While in Washington, D.C., Long met with government officials at the White House to discuss competency-based education models, the outcomes of these programs for students and specific issues in current federal law and regulations. She also spoke at a congressional briefing on competency-based education models, and encouraged Congress to change federal aid regulations to help fund federally authorized “experimental sites” that offer this innovative educational approach.

“Larger public institutions, primarily state systems, have typically been tapped to tout their higher education innovations and to push for policy changes,” said Long. “So it is significant that Lipscomb has become part of this conversation on a national level. The competency-based approach to higher education is allowing all institutions, regardless of whether public or private, for-profit or non-profit, 2,500 students or 25,000 students, to develop students who can demonstrate their learning and be workforce ready from the point of graduation.”

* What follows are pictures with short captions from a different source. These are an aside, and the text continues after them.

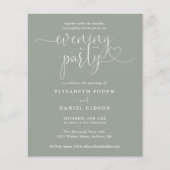 Carte d'invitation de mariage de soirée verte sage (Devant)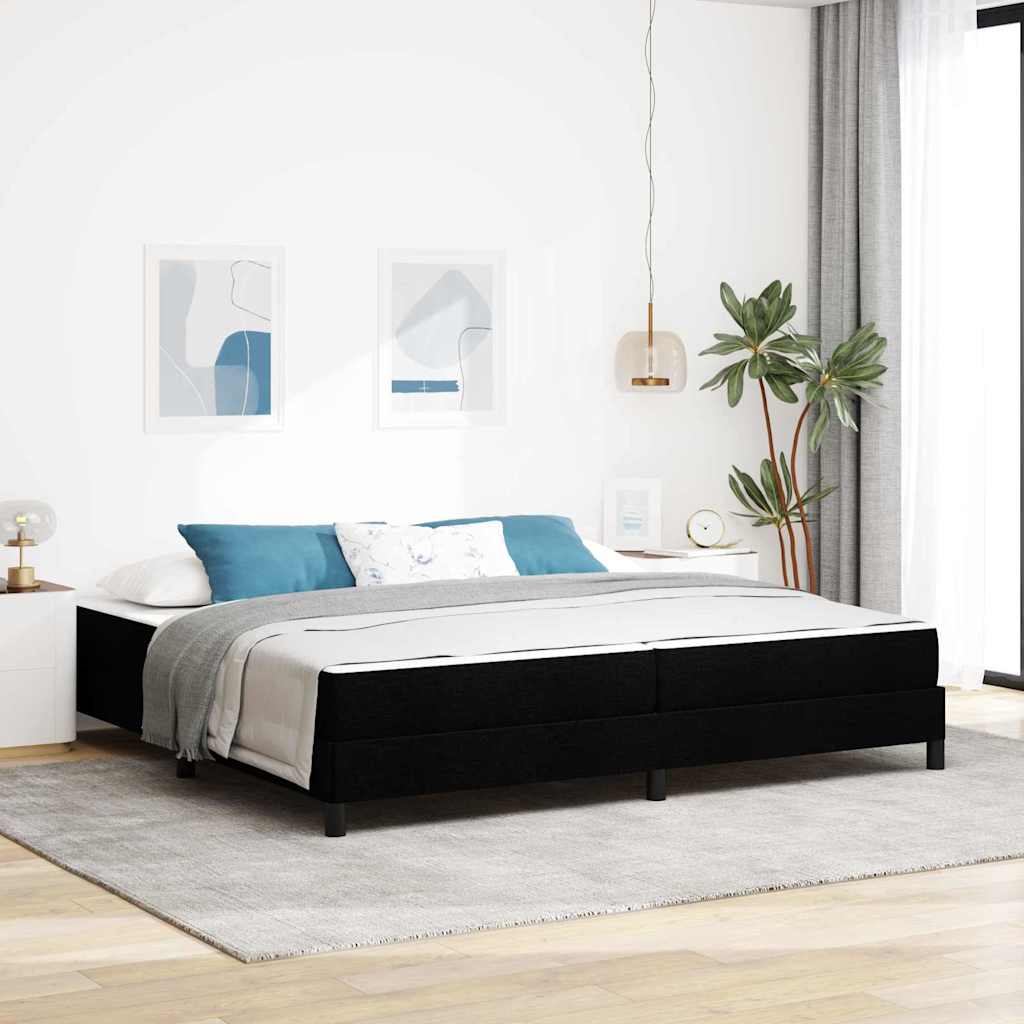 Boxspringbett Schwarz 200 x 200 cm Stoff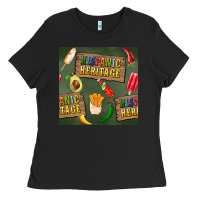 Black hispanic heritage seamless pattern Ladies Tee - BundleAndBundleShop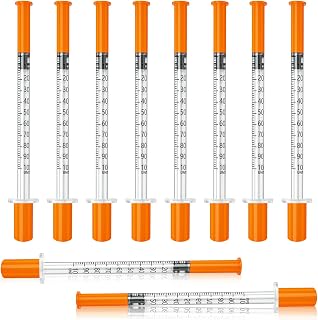 U-100 Syringes, 1ml syringe, 31g 5/16 1cc syringe with needle, lab syringes, Pack of 100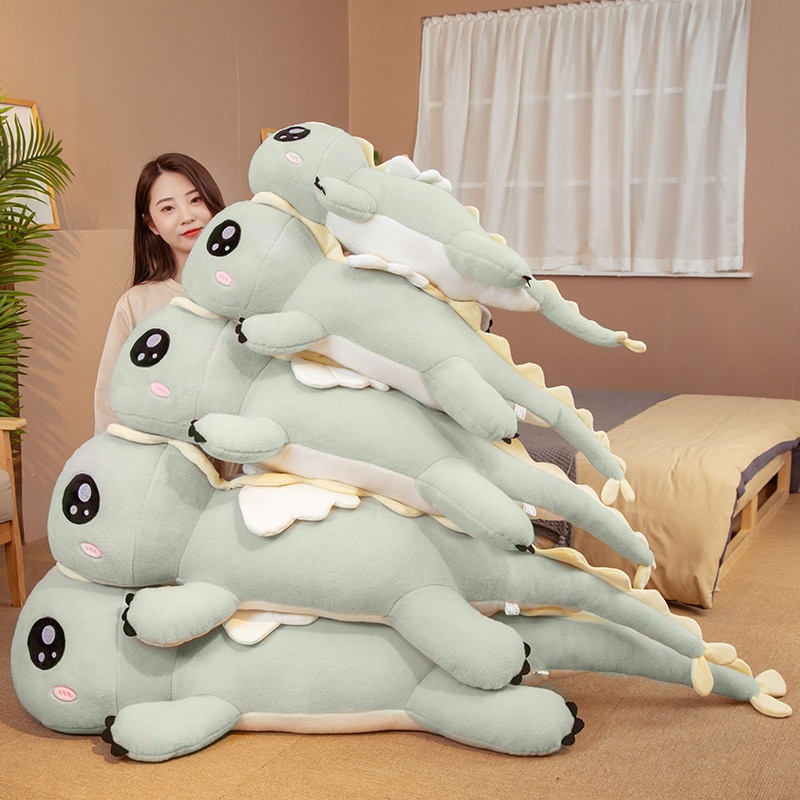 New Huggable Big Long Cute Dinosaur Plush Toy Soft Cartoon Animal Angel Stuffed Doll Boyfriend Pillow Kids Girl Birthday Gift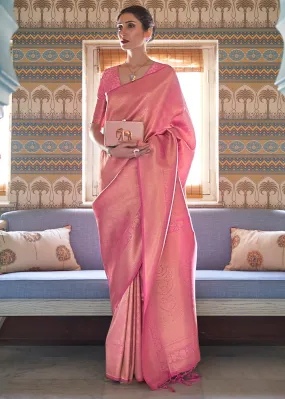 Mauvelous Pink Soft Handloom Weave Kanjivaram Silk Saree : Festival Edition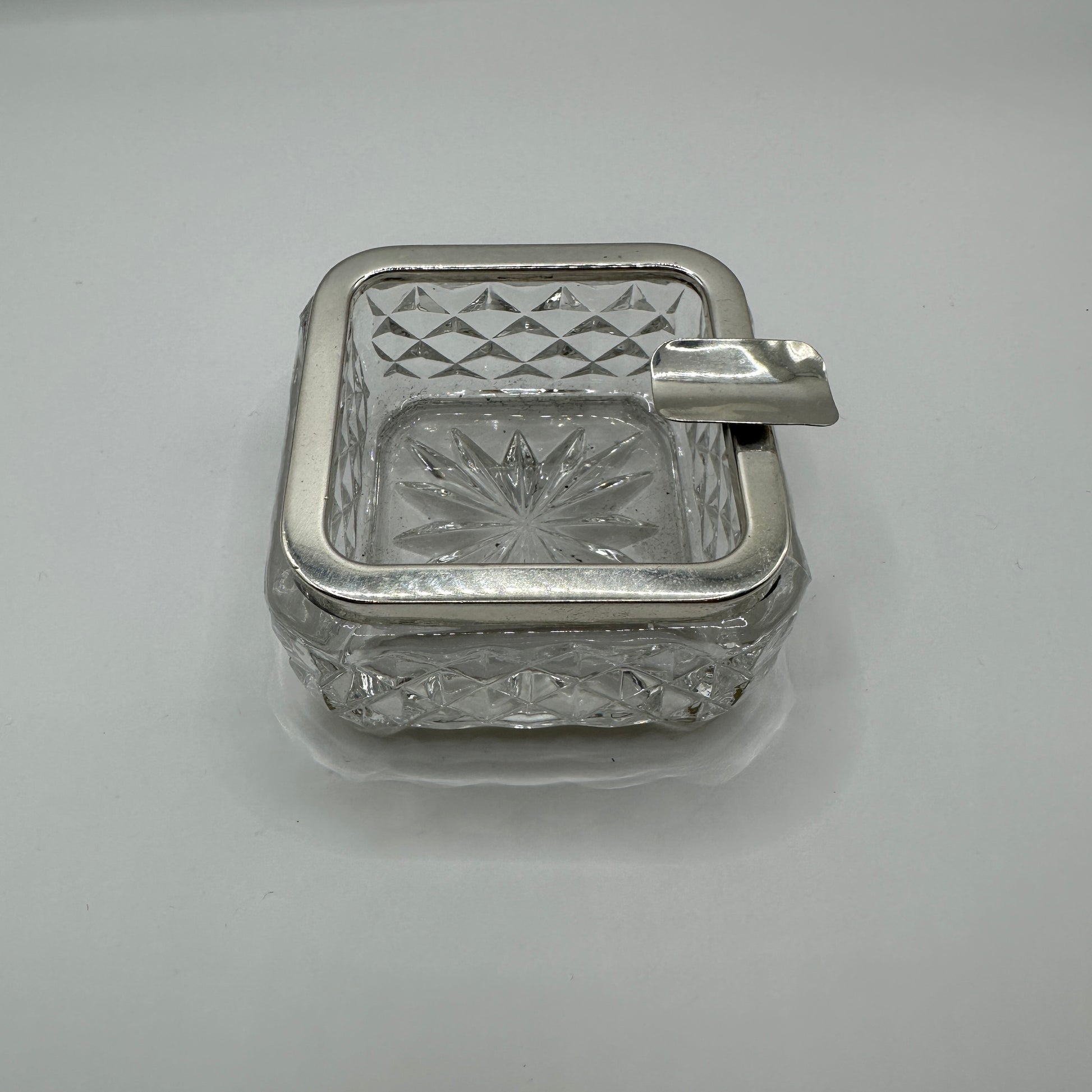 Quadratische Kristall-Schale mit 925er Silbermontierung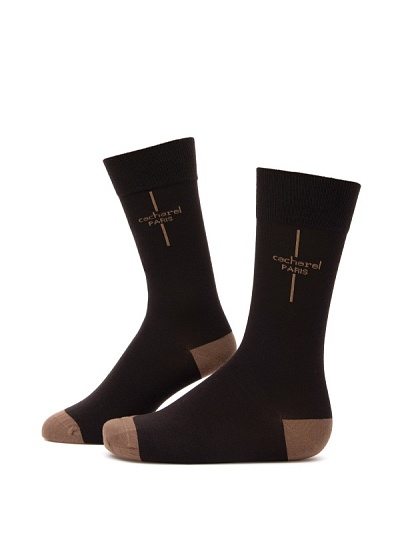 Носки высокие с контрастным носком и пяткой - A051SZ013SKTSK024_DSNBAM1 Носки муж. (400, 40_44)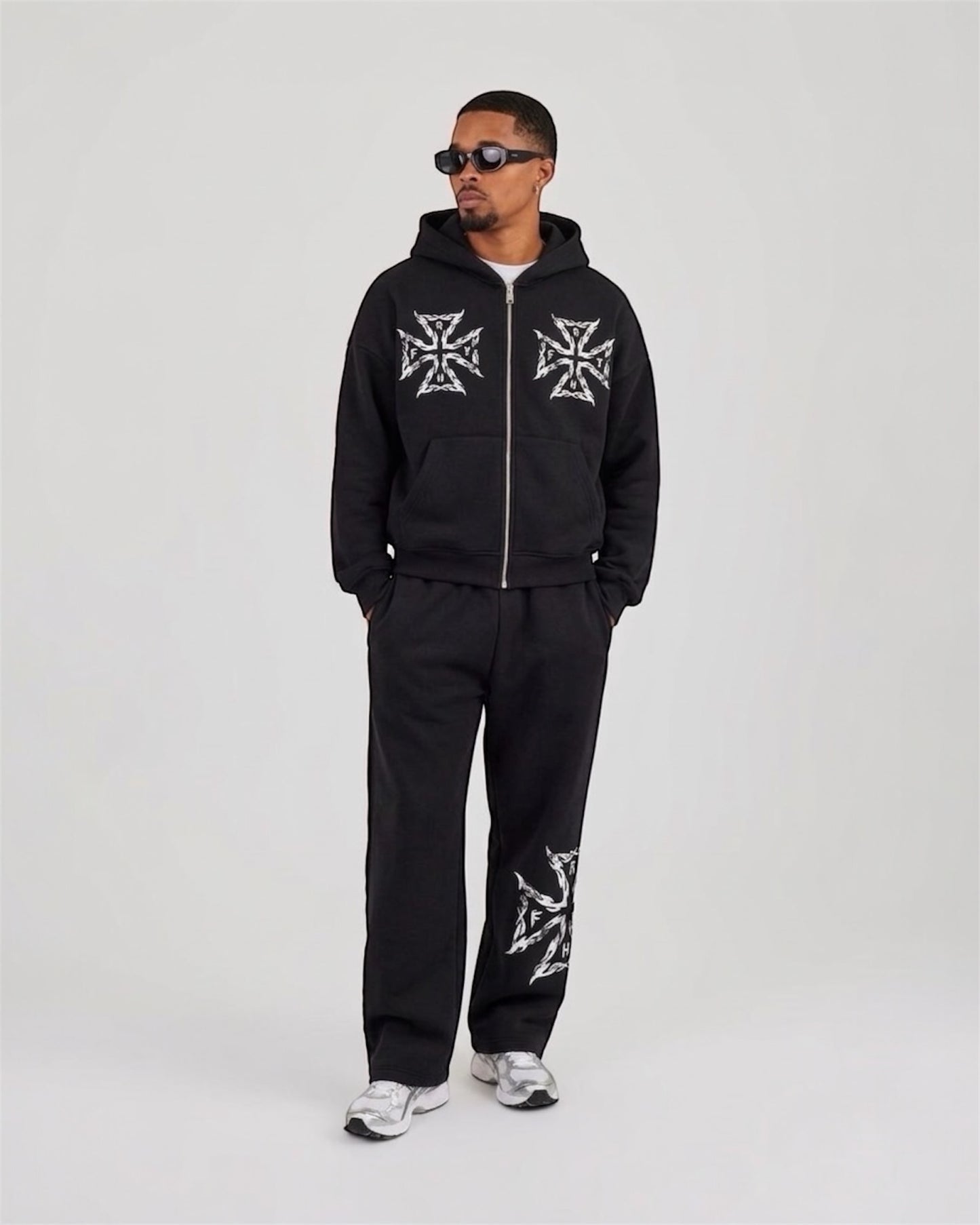 Black Zip-Up Heavyweight “Spiked Flame” Jogger Set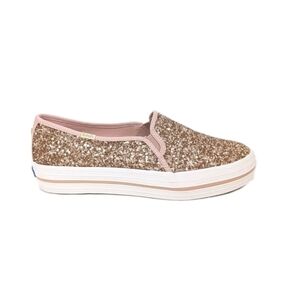 Keds Kate Spade Triple Decker Sneakers sz 9 NEW Women Rose Gold Glitter Shoes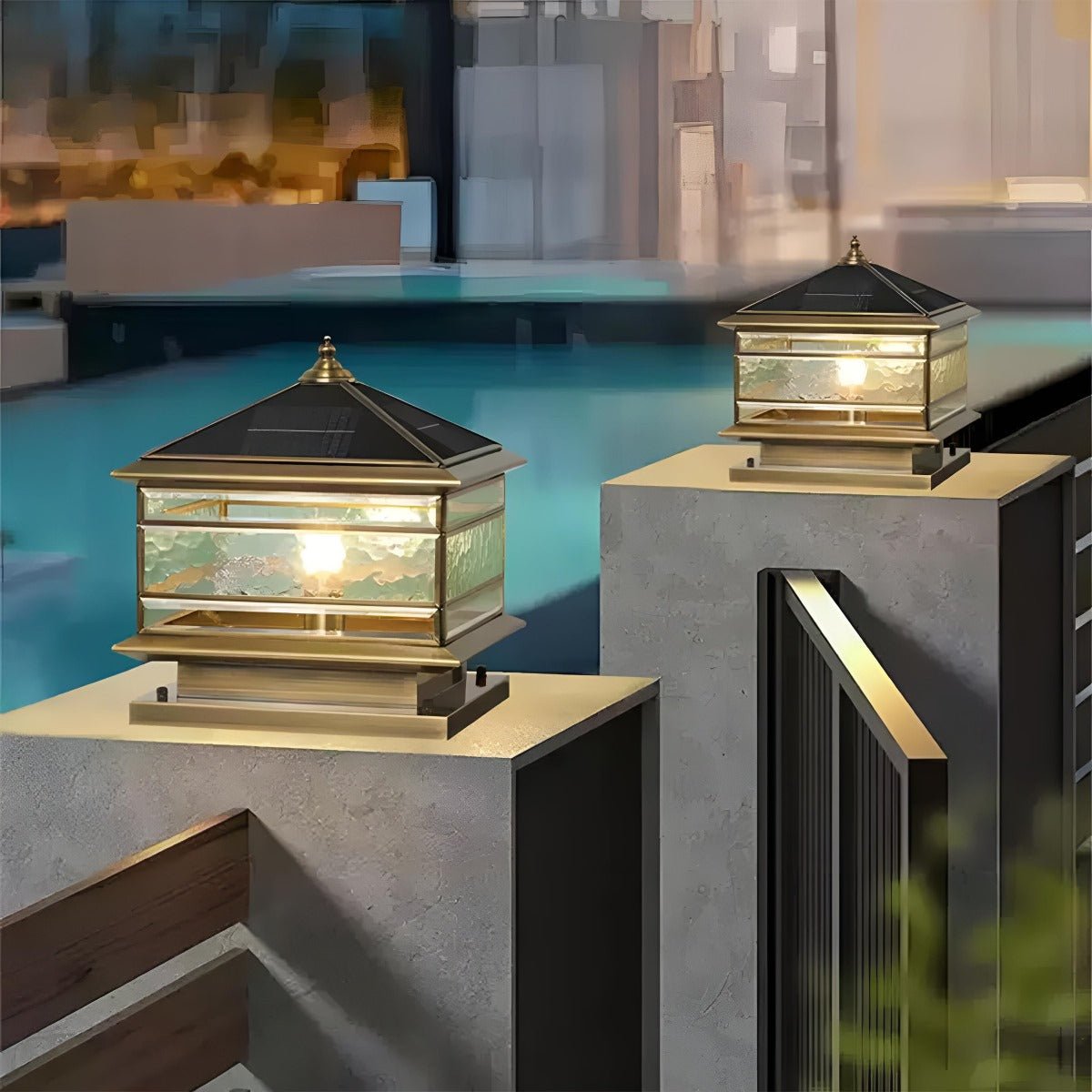 Luminaires de poteau de clôture vintage en verre étanche en cuivre pour extérieur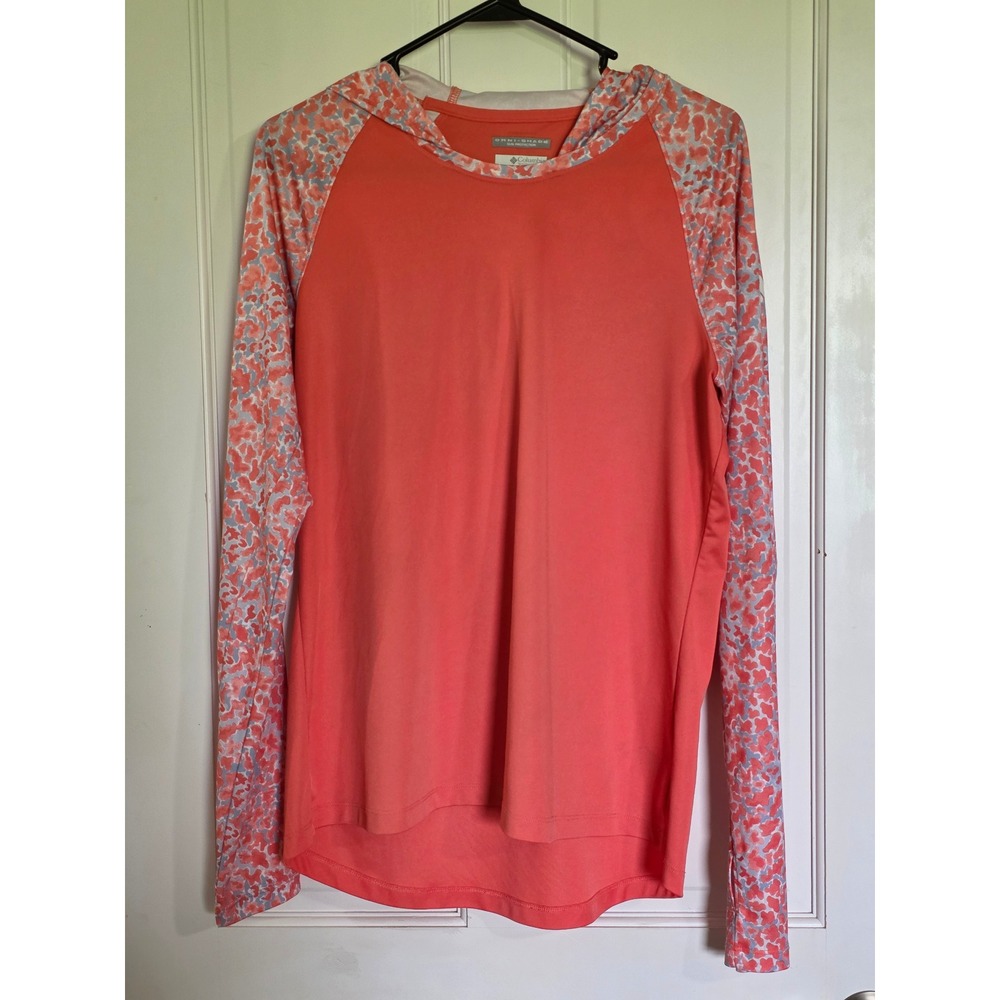 Columbia Womens Omni-Shade Sun Protection Hoodie Coral Pink Patterned Sleeve L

Lipscomb is the only university in the nation to utilize a behavioral-based competency and assessment model that's in use by a wide-range of industries. It is widely used by human resources departments in major corporations across the country. Students entering the program will begin the process with an assessment on a battery of competencies.

Each competency area carries its own badges and levels with badges being earned as each higher-level of competency is met. Leveled e-credential badges are awarded for corresponding competency mastery. Then, a career and competency coach creates a customized development plan for the individual. Individuals then work to develop his targeted competencies through a self-paced, coach-encouraged plan.

The new undergraduate degree program allows students with competency deficiencies to enroll in development modules to help them reach their career goals while working to complete their undergraduate degree, with concentrations in aging, business, psychology or restorative criminal justice. The program focuses on six leadership competencies including relationship building, problem solving and decision making, organizing and planning, influence, communicativeness and drive.

Lipscomb University was one of a small group of universities across the country to formally respond to a recent call for ideas from the U.S. Department of Education about how federally authorized “experimental sites” could help them responsibly explore new ways of using federal student aid to pay for innovative competency-based learning models.

The institutions submitted a joint response outlining experiments that would explore new or alternative federal definitions of student “attendance,” separate federal financial aid eligibility from time-based measures and test hybrid programs that mix competency-based learning and traditional instruction.

This group of colleges and universities responded to the U.S. Department of Education’s call earlier this year for options for waiving federal student aid policies governing grants and loans that inhibit alternative learning models with potential to better meet the needs of some students. The department will use responses to its request to determine how to frame a formal request for proposals that could come later this year.